Could every line below be transcribed exactly, with the pictures dropped?

Data extract:
--------------------
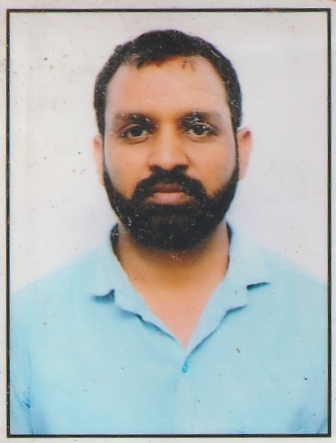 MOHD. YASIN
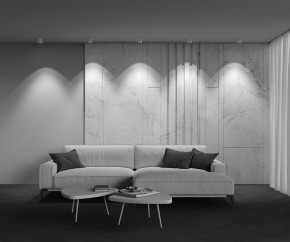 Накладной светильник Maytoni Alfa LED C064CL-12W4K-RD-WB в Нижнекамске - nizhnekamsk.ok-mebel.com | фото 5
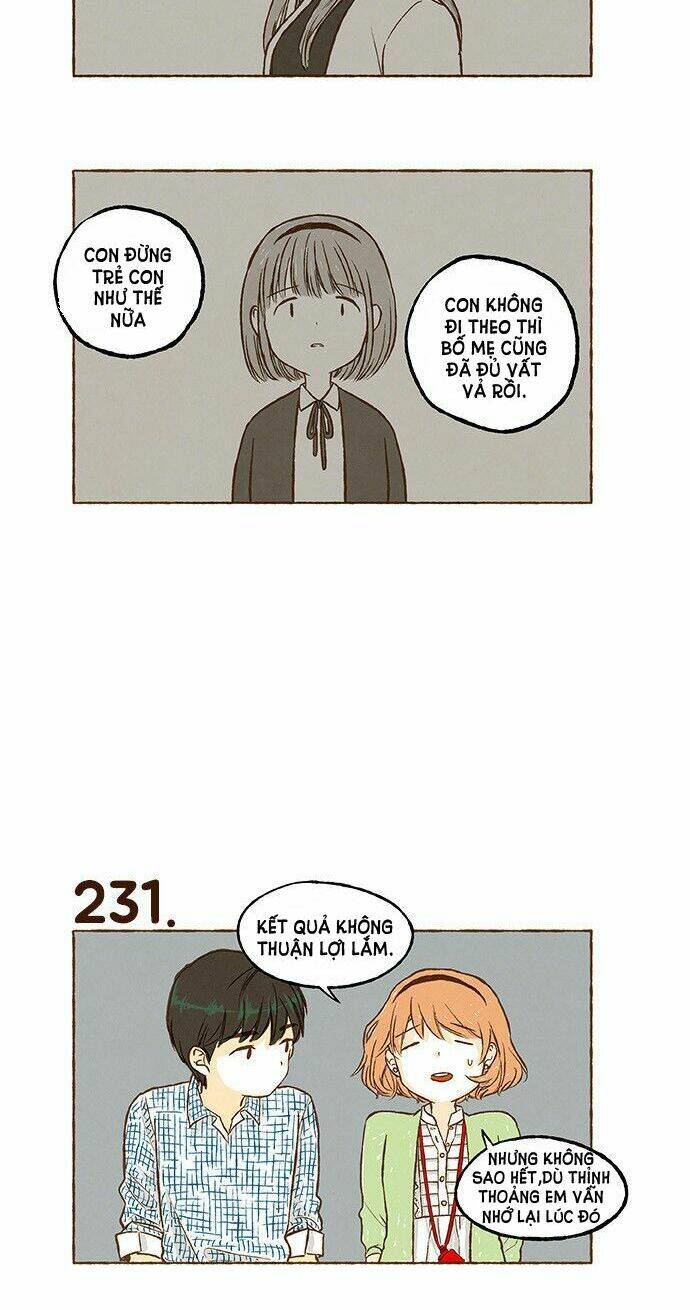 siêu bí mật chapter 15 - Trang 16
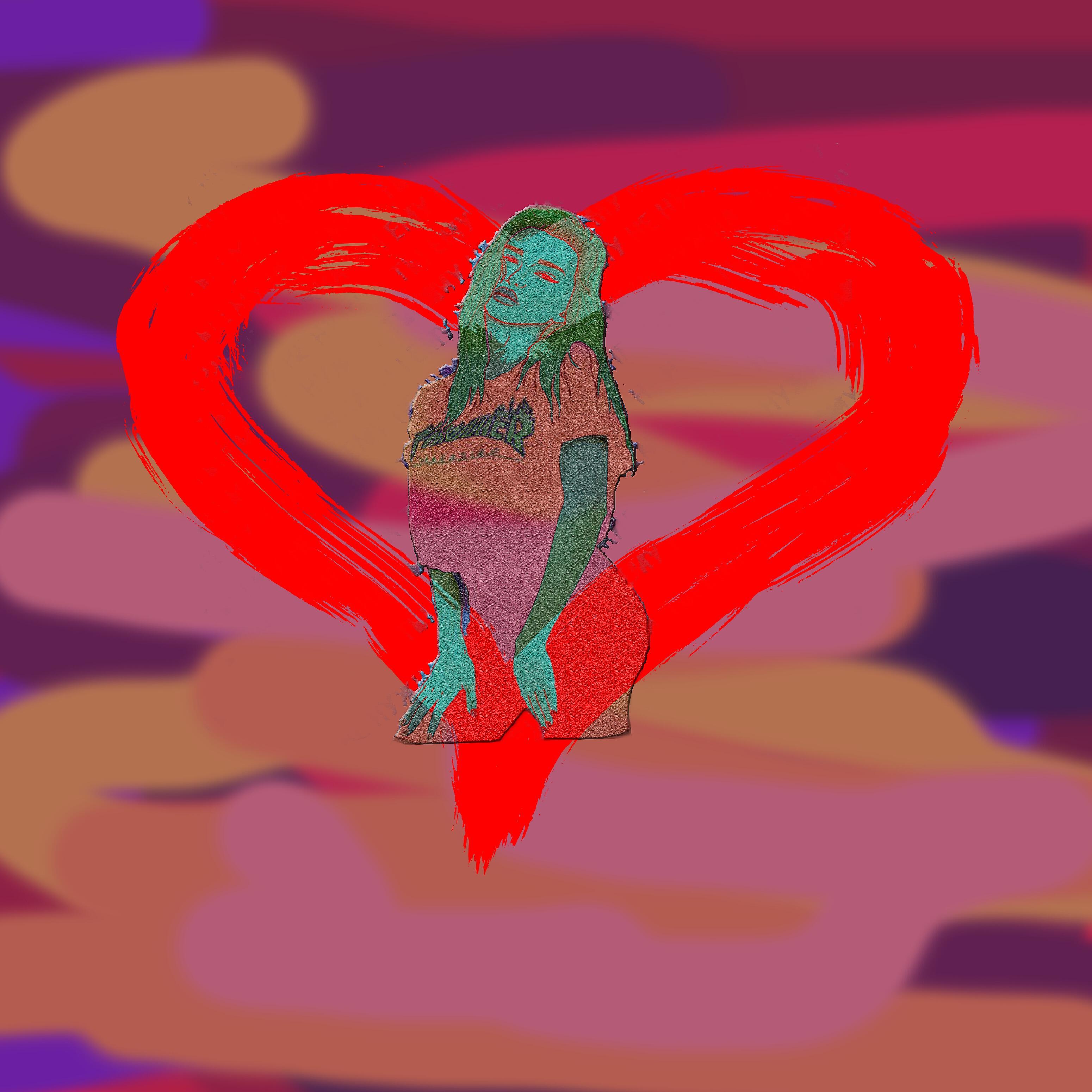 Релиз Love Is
--------------------
Problem solution:
 MOHD. YASIN
 Накладной светильник Maytoni Alfa LED C064CL-12W4K-RD-WB в Нижнекамске - nizhnekamsk.ok-mebel.com | фото 5
 siêu bí mật chapter 15 - Trang 16
 Релиз Love Is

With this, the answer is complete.